Si 16 à 20 millions de personnes cotisent à une assurance, le phénomène de mutualisation jouera à plein. Dans un tel système, les actifs cotiseraient pour leur retraite et les retraités pour leur dépendance. Une autre voie serait d’inciter les partenaires sociaux, les caisses actuelles de retraite, de s’entendre pour la mise en œuvre de prestations supplémentaires améliorant sensiblement l’Allocation Personnalisée d’Autonomie. À côté d’un système étatisé de protection sociale, il y a la place pour dessiner de nouveaux espaces de solidarité. Depuis un quart de siècle, l’État a pris les commandes de l’ensemble des régimes sociaux.
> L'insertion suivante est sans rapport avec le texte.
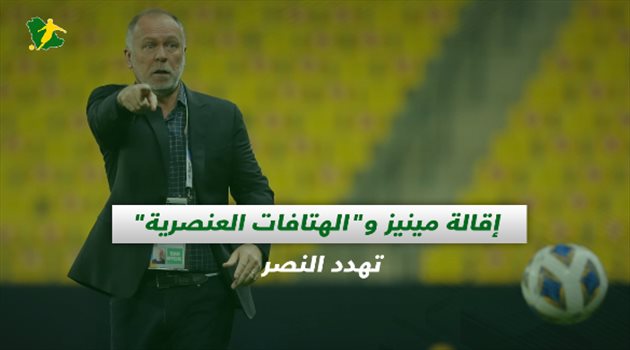 صحف السعودية| النصر يقيل مينيز وباولينهو يضحي بـ"مبلغ ضخم" للرحيل عن الأهلي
Les lois de financement de la Sécurité sociale, les règles de Maastricht, l’accumulation des crises et une certaine remise en cause du paritarisme expliquent cette évolution. Mais en matière de protection sociale, les acteurs sociaux ont un devoir de création. En effet, notre modèle social n’est pas un astre mort, figé une fois pour toute. Il reflète l’état de la société, et doit évoluer voire le précéder. Aujourd’hui, les problématiques de logement, de transport, de prévention occupent de plus en plus les esprits. Les enfants de la révolution digitale rêvent d’un système personnalisé, sur mesure. À côté du socle commun de protection, il y a la place pour de nouvelles couvertures. C’est une question d’imagination et de volonté.

(1) Enquête du Cercle de l’Épargne/Amphitéa de 2019 « les Français, la Retraite et l’Épargne »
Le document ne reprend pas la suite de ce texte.